Two pregnancy announcements this week almost seems like too to stomach. Especially when we are going through the whirlwind of a cancelled IVF cycle. We are also facing the facts that we can not attempt another IVF cycle because of money. Therefore, not only are we dealing with this blow, but the extreme disapointment of figuring out how to accept that we only have a 1-2% percent chance of conceiving on our own if we don’t do IVF. Basically, we are being forced to close this chapter in our lives and let go of this dream of another child to complete our family. We are happy for others, but so incredibly sad for ourselves. It can be easy to get angry and feel jealous and question why them and not us?
However, today, I am going to take a couple deep breaths and focus simply on my breathing. Instead of focusing on the cards that we’ve been dealt being unfair and being bitter about what isn’t happening for us and being jealous about what is working in the lives of others I am going to try and put all my focus on the blessings God has given me.

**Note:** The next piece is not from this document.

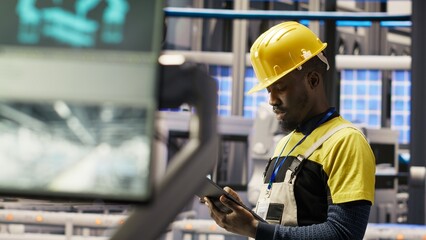 Engineer oversees solar panel production lines equipment using tablet app. Worker maintains photovoltaic assembly systems in automated industry 4.0 factory using digital device application, camera B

The silver lining to all of this is that I have two beautiful daughters. We gave E a sibling. Thankfully, IVF did work once for us before. These two sisters have each other in their life journey and I am forever thankful for that. They are both healthy and thriving and my heart knows the joy of being a mother. I get to see my husband be a Dad (and a great one at that) and share this crazy journey of parenthood with my best friend and it makes me so happy. Really, I couldn’t be more grateful for all of these blessings. Thank you God, my heart may have a void but for the most part it is full. Zach, Etta and Kynnslee are gifts and I cherish them all so deeply.